The atomic unit — everything between two cuts.

Shot
├── id: str
├── order: int
├── start_time / end_time: float
├── timecode_in / timecode_out?: str    # SMPTE "01:23:45:12"
├── duration: float                     # computed
├── cinematography: Cinematography
│   ├── shot_size?: ShotSize
│   ├── shot_type?: ShotType
│   ├── camera_angle?: CameraAngle
│   ├── camera_movement?: CameraMovement
│   ├── lens?: str
│   ├── depth_of_field?: str
│   ├── composition: [str]
│   └── notes?: str
├── visual: Visual
│   ├── description?: str
│   ├── dominant_colors: [str]
│   ├── lighting?: str
│   └── visual_style?: str
├── audio: Audio
│   ├── dialogue: [DialogueLine]
│   │   ├── speaker?: str              # character ID
│   │   ├── text: str
│   │   ├── start_time / end_time: float
│   │   ├── language?: str
│   │   └── words: [{word, start, end, confidence}]
│   ├── sound?: str
│   └── music_cues: [MusicCue]
│       ├── label: str
│       ├── start_time / end_time?: float
│       └── type?: str                 # "score", "diegetic", "sfx", "ambient"
├── editorial: Editorial
│   ├── transition_in / transition_out?: Transition
│   ├── source_clip?: str
│   ├── thumbnail_path?: str
│   └── confidence?: float
├── characters_visible: [str]          # character IDs
├── emotional_tone?: str
├── source?: str                       # "ccsl", "pipeline", "manual"
├── verified?: bool
└── custom: dict                       # escape hatch

Design Principles

  1. Layers are independent. Each shot layer (cinematography, visual, audio, editorial) can be populated by a different tool. A CCSL fills cinematography, an SRT fills audio, a vision model fills visual.

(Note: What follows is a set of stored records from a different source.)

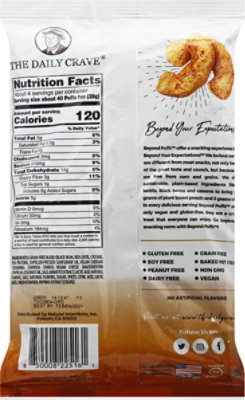 The Daily Crave Puff Vegan Cheddar - 4 Oz - Image 6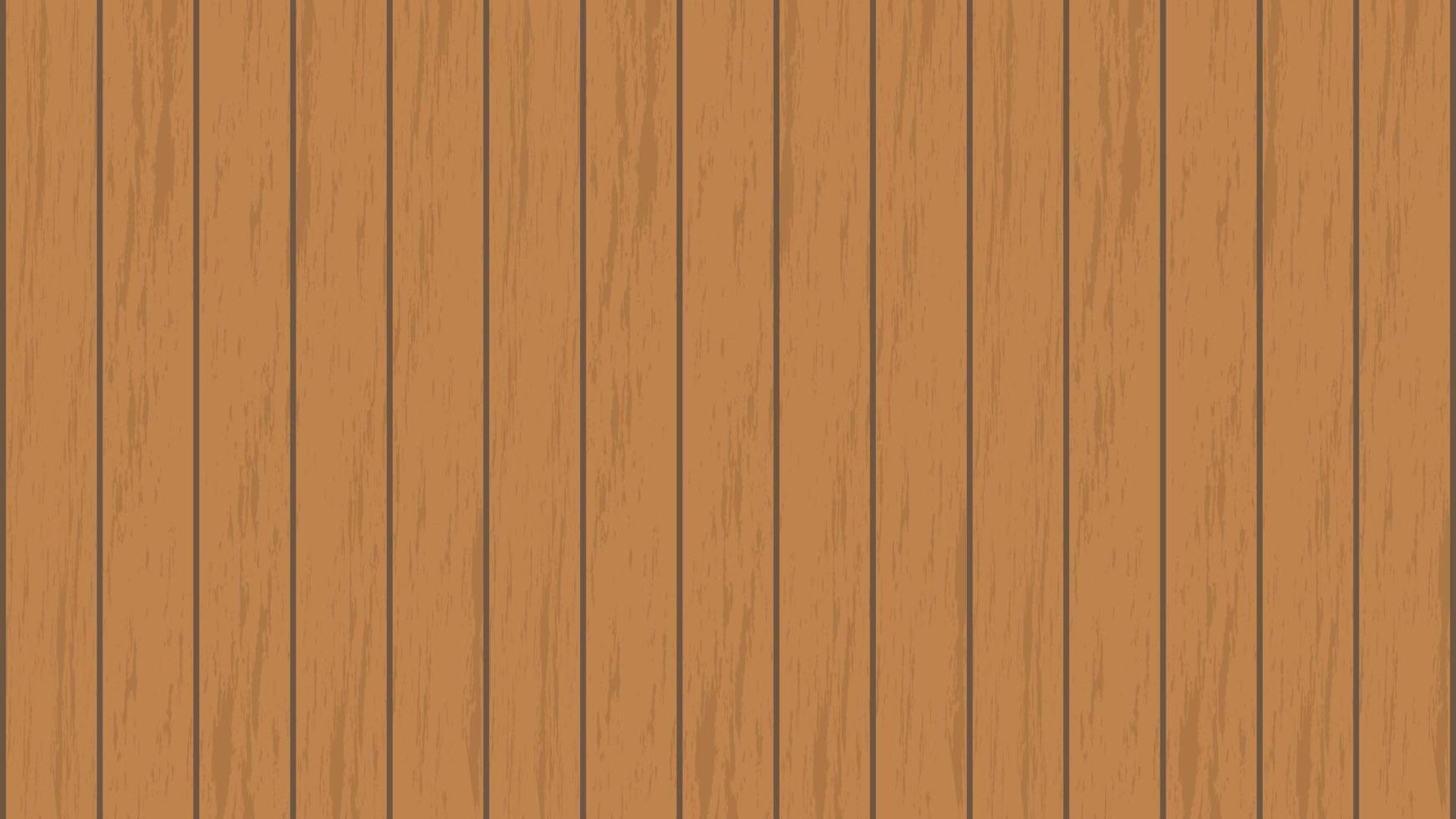 Natural brown wood wall background vector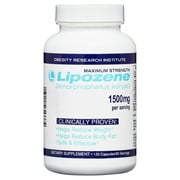Lipozene Mega Bottle Maximum Strength Weight Loss Supplement, 1500 mg, 120 Capsules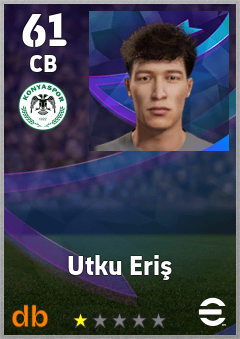 Utku Eriş — CB, OVR 61, MAX 61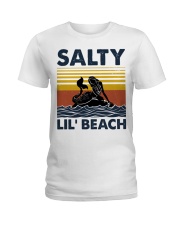 Mermaid salty lil beach Ladies T-Shirt front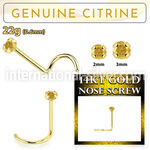 gscge6 l shape nose studs gold nose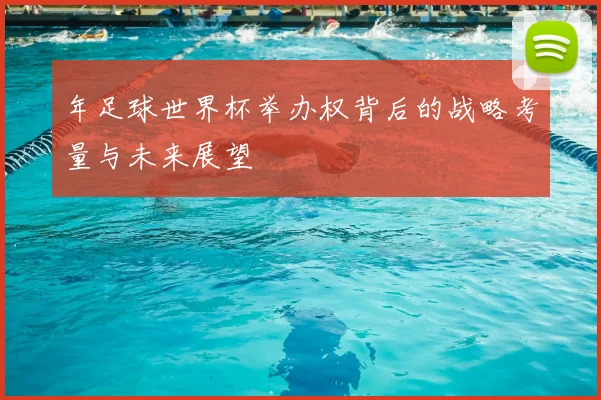 年足球世界杯举办权背后的战略考量与未来展望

  2. Everything is optional except time. A shot must have id, order, start_time, end_time. Everything else can be None or empty.

  3. IDs are slugs. Characters and locations use slug-format IDs (john-smith, berlin-cafe) and are referenced by ID from shots and scenes.

  4. custom is the escape hatch. Any domain-specific metadata goes into custom: dict rather than polluting the core schema.

  5. OTHER is always valid. Every controlled vocabulary enum includes an OTHER value for edge cases that don't fit the taxonomy.